Ebi notes the difficulty people with mobility issues or blindness may have with accessing services, such as cooling shelters. Ebi also comments on the importance of making messaging on the hazards of high temperatures accessible to those with learning disabilities or to deaf people. “Some studies suggest higher rates of suicide and other mental health issues during heatwaves, requiring targeted interventions for those with psychiatric disabilities.”

Planning for the future

climate change protestor holds a sign saying "one planet"

The deaths and illnesses that result from heat exposure are, oftentimes, avoidable. To prevent future death and destruction, this 2021 paper calls on governments to implement cooling strategies and adaption plans to reduce the impact of extreme heat on public health.

The Climate Change Committee (CCC), an independent UK body tackling climate change, advocates for adaption planning, as the temperature is set to rise further due to the climate crisis and global warming.

The CCC’s 2022 report on the health risks of overheating offers adaption options to the government to ensure that UK buildings are fit for future climate change.
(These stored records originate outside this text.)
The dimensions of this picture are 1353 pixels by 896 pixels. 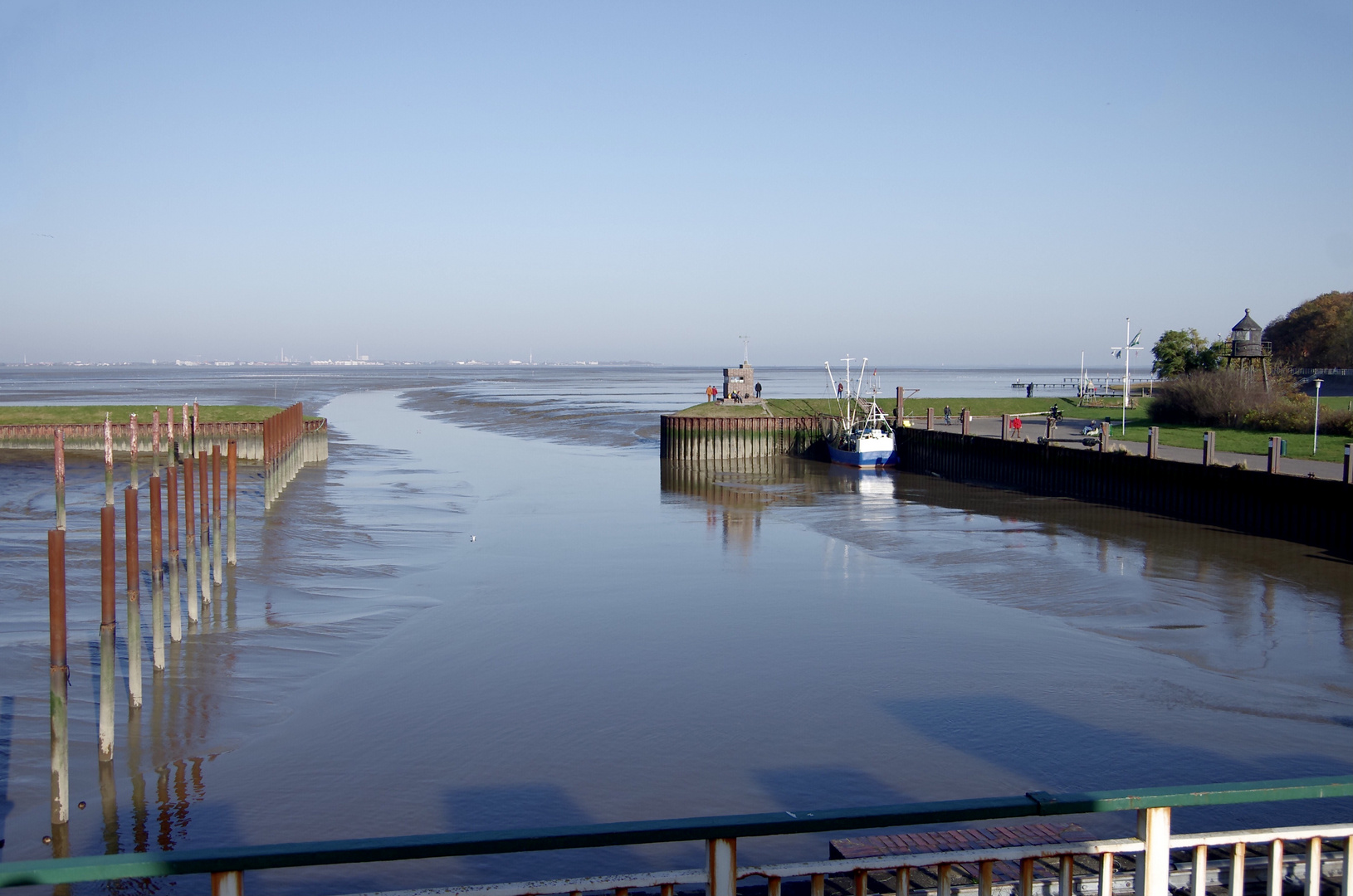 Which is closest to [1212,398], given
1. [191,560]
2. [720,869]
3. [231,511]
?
[231,511]

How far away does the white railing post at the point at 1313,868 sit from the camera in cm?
439

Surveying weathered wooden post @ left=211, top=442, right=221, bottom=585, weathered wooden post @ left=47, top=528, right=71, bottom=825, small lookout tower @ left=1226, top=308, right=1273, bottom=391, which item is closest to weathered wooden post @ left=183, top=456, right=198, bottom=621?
weathered wooden post @ left=211, top=442, right=221, bottom=585

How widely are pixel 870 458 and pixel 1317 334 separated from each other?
5918cm

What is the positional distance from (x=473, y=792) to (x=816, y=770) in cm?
356

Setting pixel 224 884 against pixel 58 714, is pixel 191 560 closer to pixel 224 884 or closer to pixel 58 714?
pixel 58 714

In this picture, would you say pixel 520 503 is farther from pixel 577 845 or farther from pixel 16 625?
pixel 577 845

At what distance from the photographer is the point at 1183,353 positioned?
6266 centimetres

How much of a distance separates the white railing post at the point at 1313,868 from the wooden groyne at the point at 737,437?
153ft

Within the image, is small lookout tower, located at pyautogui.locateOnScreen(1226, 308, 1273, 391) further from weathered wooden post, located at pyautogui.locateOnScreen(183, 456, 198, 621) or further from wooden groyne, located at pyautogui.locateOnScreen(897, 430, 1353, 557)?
weathered wooden post, located at pyautogui.locateOnScreen(183, 456, 198, 621)

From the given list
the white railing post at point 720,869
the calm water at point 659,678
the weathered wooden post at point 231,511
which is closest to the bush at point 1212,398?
the calm water at point 659,678

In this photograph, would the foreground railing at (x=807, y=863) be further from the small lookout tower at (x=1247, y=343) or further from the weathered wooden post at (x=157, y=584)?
the small lookout tower at (x=1247, y=343)

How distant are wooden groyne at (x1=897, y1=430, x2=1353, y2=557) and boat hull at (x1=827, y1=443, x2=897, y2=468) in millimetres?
2490

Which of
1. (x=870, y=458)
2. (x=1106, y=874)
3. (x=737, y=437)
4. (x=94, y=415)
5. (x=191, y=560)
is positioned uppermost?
(x=1106, y=874)

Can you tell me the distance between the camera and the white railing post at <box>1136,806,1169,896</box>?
4.16 metres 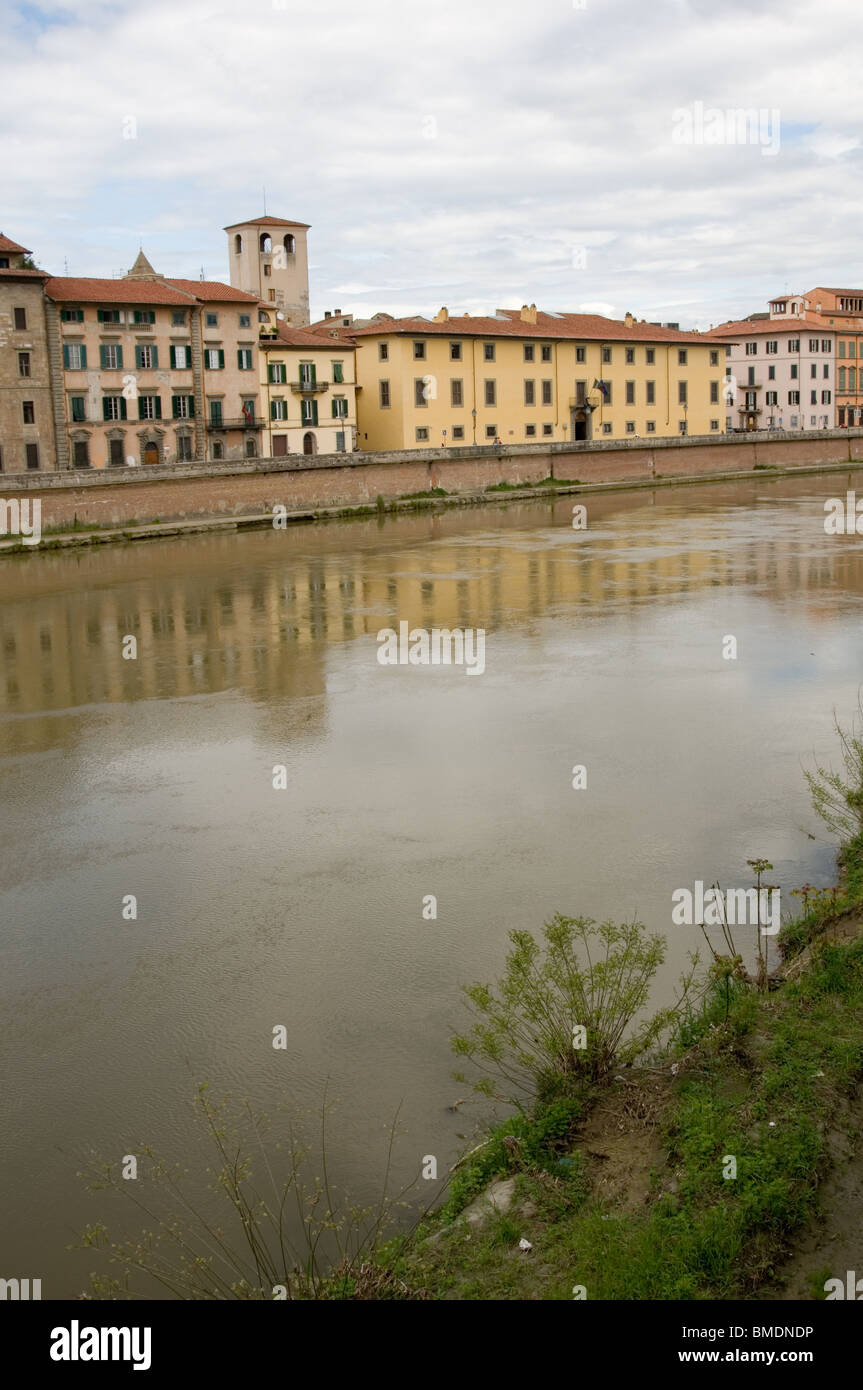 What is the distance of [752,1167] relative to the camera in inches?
200

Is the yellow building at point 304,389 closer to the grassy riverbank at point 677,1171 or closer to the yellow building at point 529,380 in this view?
the yellow building at point 529,380

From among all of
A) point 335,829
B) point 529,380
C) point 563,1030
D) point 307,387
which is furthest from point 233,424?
point 563,1030

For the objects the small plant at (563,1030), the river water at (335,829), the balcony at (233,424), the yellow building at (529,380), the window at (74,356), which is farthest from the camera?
the yellow building at (529,380)

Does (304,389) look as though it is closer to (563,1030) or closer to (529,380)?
(529,380)

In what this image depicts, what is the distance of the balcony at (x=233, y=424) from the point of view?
4947 cm

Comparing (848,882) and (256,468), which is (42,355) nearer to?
(256,468)

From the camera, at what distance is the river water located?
7000 millimetres

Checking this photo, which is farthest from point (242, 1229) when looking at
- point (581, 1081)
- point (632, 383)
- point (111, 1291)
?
point (632, 383)

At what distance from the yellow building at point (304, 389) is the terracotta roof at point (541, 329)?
2.25 metres

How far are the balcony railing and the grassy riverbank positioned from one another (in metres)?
47.4

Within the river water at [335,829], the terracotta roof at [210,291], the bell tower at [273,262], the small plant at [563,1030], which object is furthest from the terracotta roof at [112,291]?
the small plant at [563,1030]

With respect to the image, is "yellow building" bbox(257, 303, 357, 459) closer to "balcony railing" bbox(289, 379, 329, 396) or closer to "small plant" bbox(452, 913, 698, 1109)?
"balcony railing" bbox(289, 379, 329, 396)

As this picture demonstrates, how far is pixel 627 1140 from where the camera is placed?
19.0 feet

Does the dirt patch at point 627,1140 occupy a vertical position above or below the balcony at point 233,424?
below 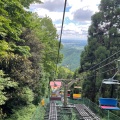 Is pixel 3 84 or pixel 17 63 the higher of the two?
pixel 17 63

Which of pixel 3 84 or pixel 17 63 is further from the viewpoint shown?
pixel 17 63

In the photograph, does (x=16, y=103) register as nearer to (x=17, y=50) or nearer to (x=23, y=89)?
(x=23, y=89)

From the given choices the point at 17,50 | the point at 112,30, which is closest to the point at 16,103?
the point at 17,50

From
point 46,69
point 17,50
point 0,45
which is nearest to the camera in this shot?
point 0,45

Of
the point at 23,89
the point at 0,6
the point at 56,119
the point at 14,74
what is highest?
the point at 0,6

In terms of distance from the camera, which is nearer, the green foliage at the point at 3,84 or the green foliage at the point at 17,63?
the green foliage at the point at 3,84

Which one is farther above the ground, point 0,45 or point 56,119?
point 0,45

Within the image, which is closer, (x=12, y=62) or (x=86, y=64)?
(x=12, y=62)

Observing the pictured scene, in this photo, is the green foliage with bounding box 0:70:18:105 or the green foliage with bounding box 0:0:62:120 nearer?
the green foliage with bounding box 0:70:18:105

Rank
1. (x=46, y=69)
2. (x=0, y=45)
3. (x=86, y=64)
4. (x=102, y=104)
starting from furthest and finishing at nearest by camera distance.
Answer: (x=46, y=69) < (x=86, y=64) < (x=102, y=104) < (x=0, y=45)

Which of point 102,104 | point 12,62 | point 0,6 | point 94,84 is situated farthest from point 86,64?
point 0,6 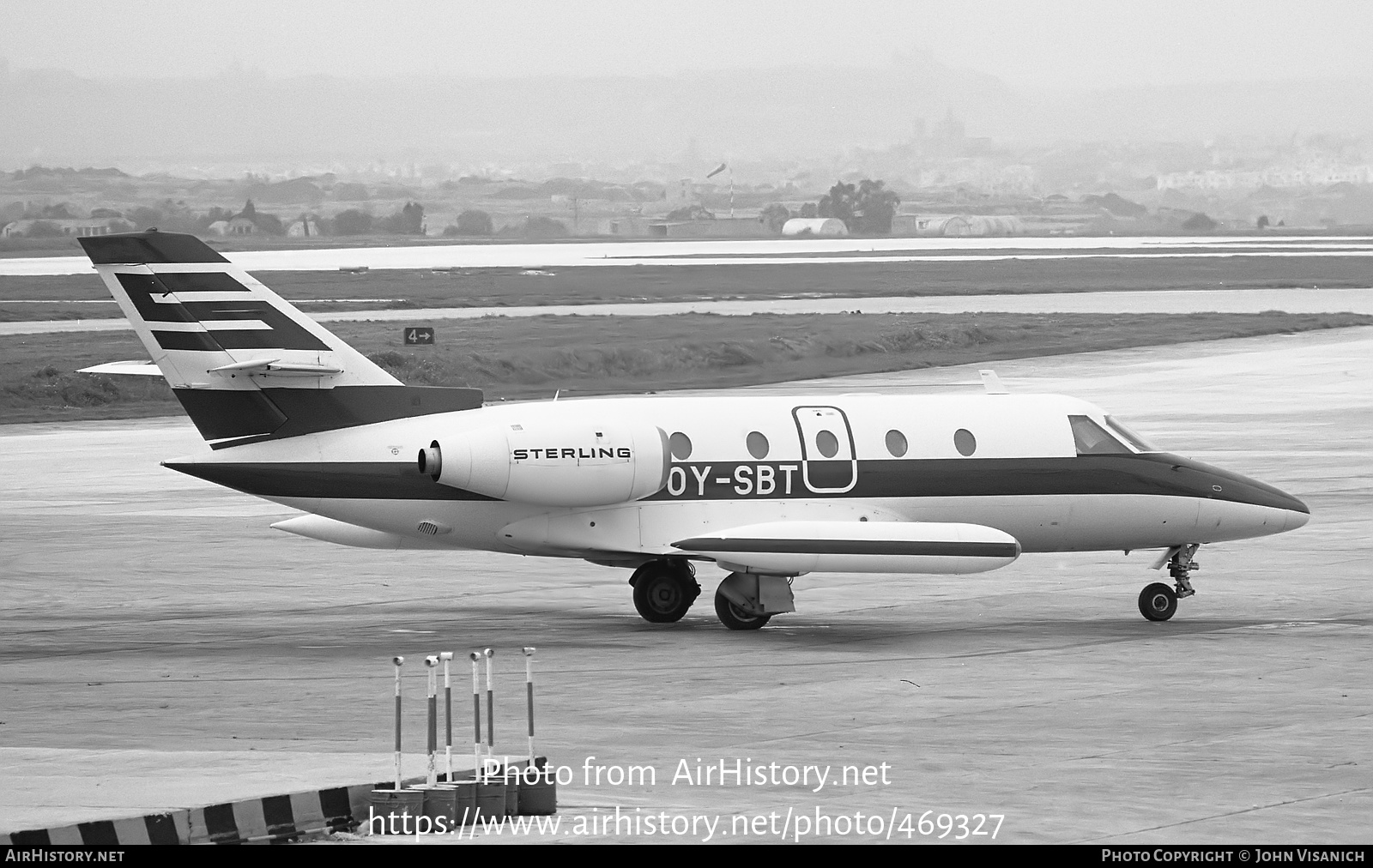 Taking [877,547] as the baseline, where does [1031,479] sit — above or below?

Although the publication does not offer specific advice about people with disabilities and overheating, they do recognise that a collection of people will be particularly vulnerable to periods of high temperatures.

In the absence of a concrete set of plans and support for people with disabilities, and the progression of the climate crisis and extreme weather events, people with disabilities continue to be at increased risk of heat-related morbidity and mortality.